#### Work order
Find the line that contains "Compresor (bomba) del". Copy it and every line after it to the end of the material below, exactly, with no pictures.
═════ Exercise material
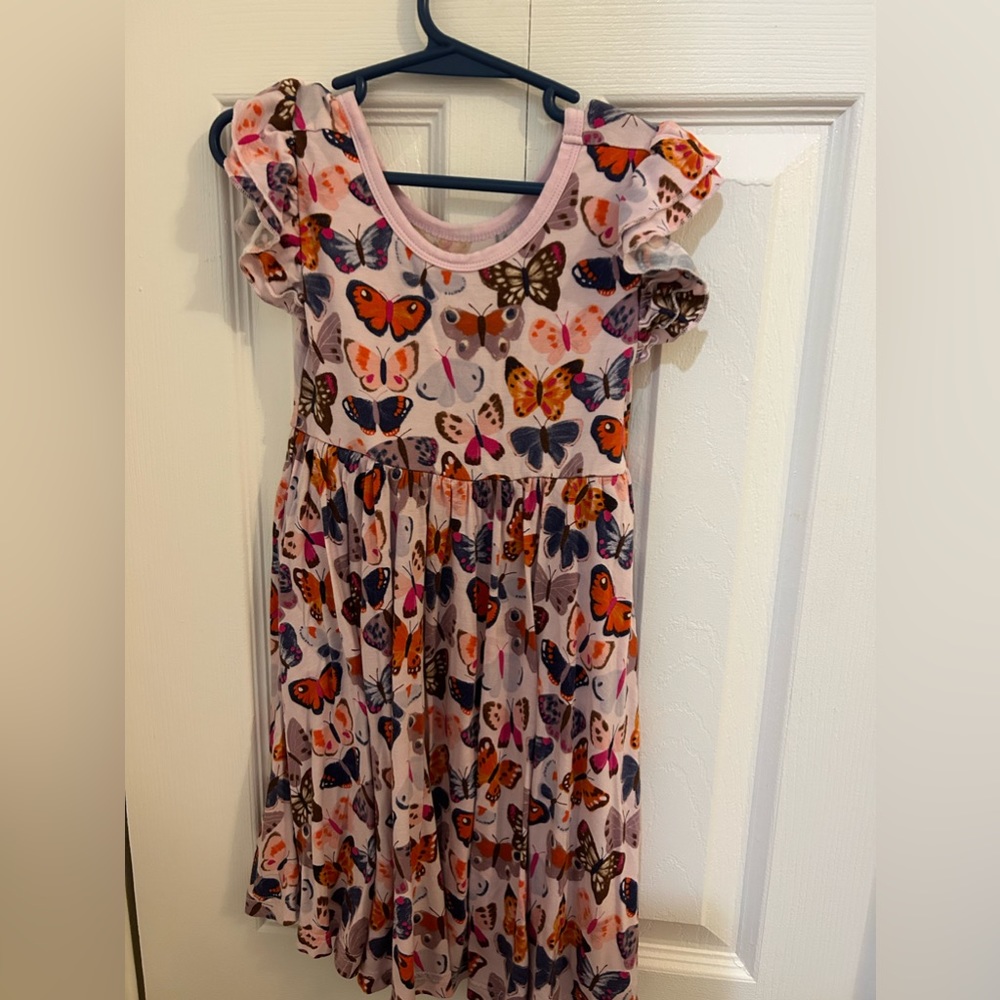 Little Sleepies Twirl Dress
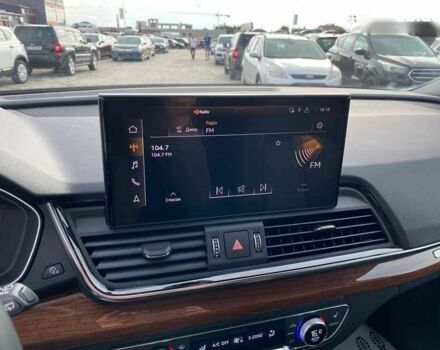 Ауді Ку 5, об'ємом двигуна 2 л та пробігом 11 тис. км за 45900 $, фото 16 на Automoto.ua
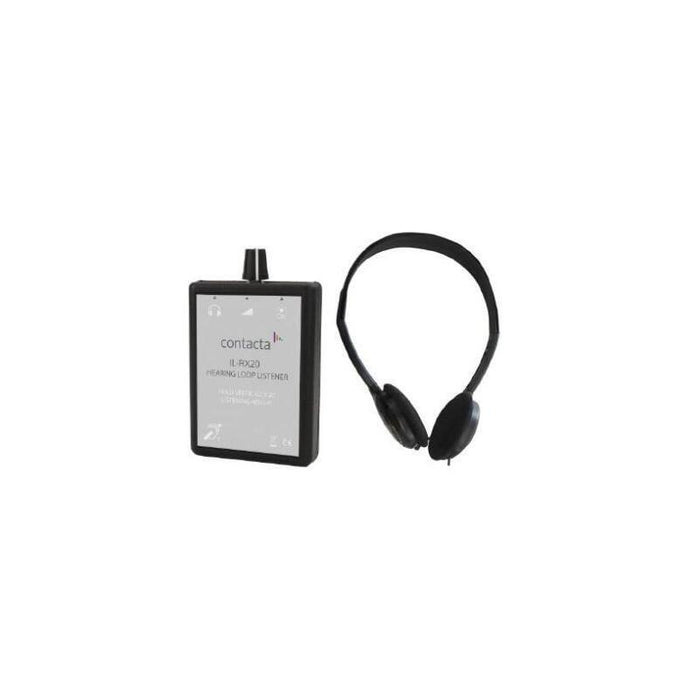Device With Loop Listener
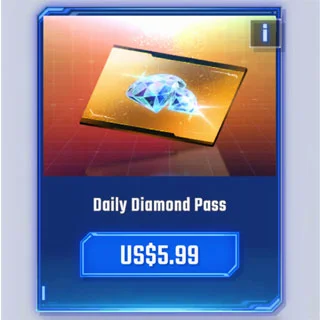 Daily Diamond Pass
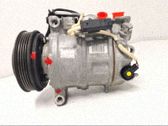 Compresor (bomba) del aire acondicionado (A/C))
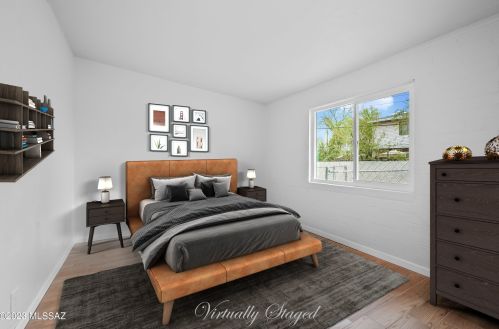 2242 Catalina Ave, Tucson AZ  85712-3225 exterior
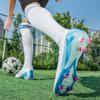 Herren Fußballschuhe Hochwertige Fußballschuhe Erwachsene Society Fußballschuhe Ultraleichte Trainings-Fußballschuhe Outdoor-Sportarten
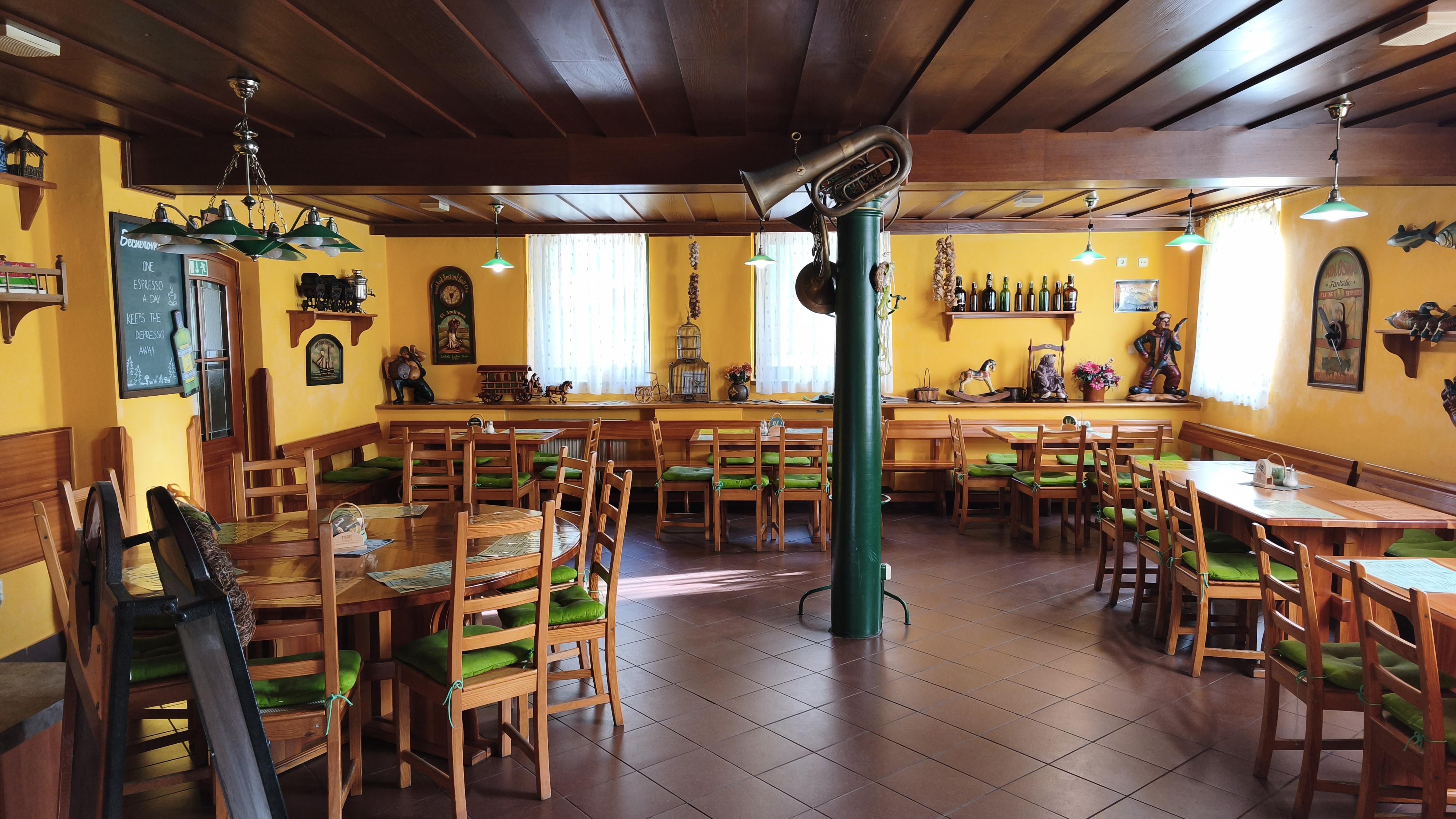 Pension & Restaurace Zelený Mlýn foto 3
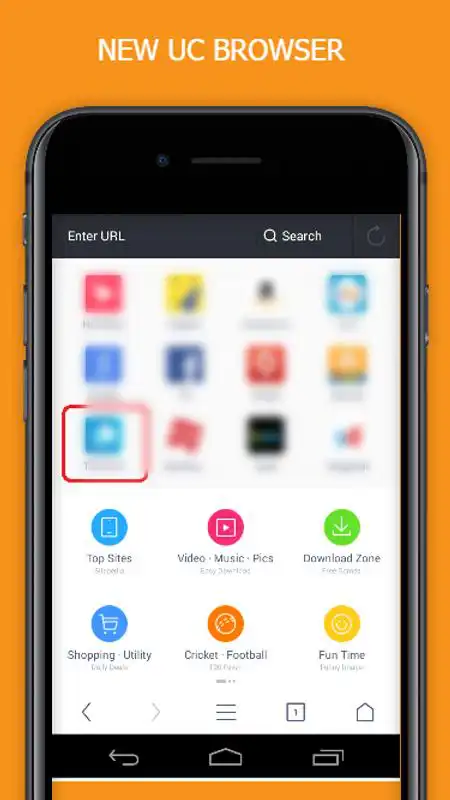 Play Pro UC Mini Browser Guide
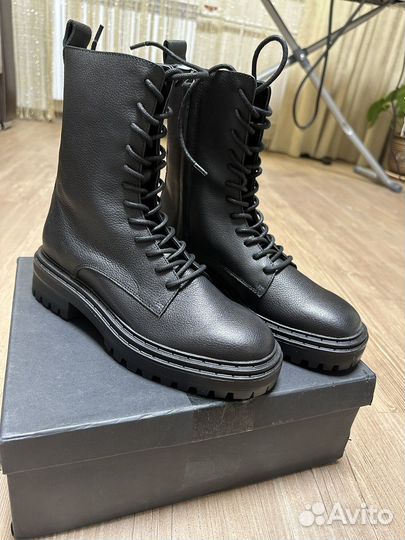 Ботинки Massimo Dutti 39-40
══════════
#### Your response
 Compresor (bomba) del aire acondicionado (A/C))
 2242 Catalina Ave, Tucson AZ  85712-3225 exterior
 Herren Fußballschuhe Hochwertige Fußballschuhe Erwachsene Society Fußballschuhe Ultraleichte Trainings-Fußballschuhe Outdoor-Sportarten
 Pension & Restaurace Zelený Mlýn foto 3
 Play Pro UC Mini Browser Guide
 Ботинки Massimo Dutti 39-40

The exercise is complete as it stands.